師匠の特別の取り計らいで、マジシャンの真ん前(マジシャンから50センチくらいの距離)で、素敵なマジックを堪能しました。
変わるはずのないトランプのカードの色が変わる、数字が変わる。
どこからでも、私が選んだカードが出てくる。
ナットに紐を通して私がきつく結んだはずなのに、ナットが瞬時に外れてしまう。
コインが自由自在に消えたり、現れたりする。
私の心に描いた通りにトランプのカードが変化する。
などなど、たっぷりとイリュージョンを見せていただきました。
手品を見ながら、あらためて感じました。
もちろん、手品には、種も仕掛けもあります。
マジシャンといえども、物理法則を変えることはできません。
しかし、マジシャンは、見る人に、物理法則を超えた幻想を味あわせてくれます。
マジシャンに向かって、
「種も仕掛けもあるから、インチキだ!!詐欺だ!!」
という人はいないでしょう。
観客は、いかに鮮やかにイリュージョンの世界に連れて行ってもらえるかを期待しています。
種も仕掛けもあるけれど、それをまったく感じさせず、観客に夢を与えるのがマジシャンの仕事です。
素晴らしいマジックを堪能した後、私は、教育(授業)のことに関連付けて考えました。
もちろん、教育(授業)はイリュージョンでも幻想でもありませんが、教師は、子どもたちを、その授業のとりこにしなければいけません。

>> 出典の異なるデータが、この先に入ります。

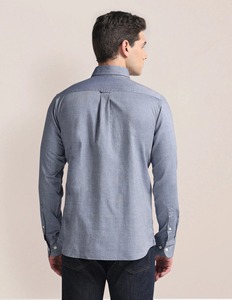 Chemise décontractée pour homme en popeline de coton gris, col rabattu, manches longues, respirante, coupe classique, couleur unie, style printemps - Product Image 2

語りを駆使し、板書を駆使し、電子機器を駆使し、あらゆる種と仕掛けを駆使して、子どもたちに、興味と関心と意欲を育む必要があります。
世界史の教師が授業中に語るほど、本当は、十字軍の遠征は面白いものではないかもしれません。
数学の教師が授業中に語るほど、本当は、微分はワクワクするものではないのかもしれません。
物理の教師が授業中に語るほど、本当は、オームの法則に魅力を感じないかもしれません。
でも、教師は、それらを授業中に子どもに教えるときには、それらを、興味深く、ワクワクするように教えます。
それができるのが優れた教師です。
そして、十字軍の遠征を、微分を、オームの法則を、興味深く、ワクワクするように教えるためには、授業用の種も仕掛けも必要です。
種と仕掛けを見つけるために、種と仕掛けを仕込むために、教師は教材研究をし、授業の工夫をします。
十字軍の遠征も、微分も、オームの法則も、教師によって、子どもたちの前で語られ、教えられるときに、教師が仕込んだ種と仕掛けによって、楽しく、面白く、ワクワクしたものになります。
教師が行う授業は、本質的に、「見る、見せる、見られる」を伴います。
マジシャンは、手品をしながら、観客の目の動きをよく見ています。観客の目の動きに対応しながら、種と仕掛けを最大限に活用します。
そして、その結果、観客の想像を超えた不思議を創り出します。
マジシャンは、自分が観客にしっかりと見られていることを充分に分かった上で、それでも、観客の意表を突きます。
授業と手品、まったく違う営みのように見えながら、実は、共通したものも多いということをあらためて実感しました。
1時間余りの素晴らしい、マジックの最後に、マジシャンが次のような趣旨のことを言いました。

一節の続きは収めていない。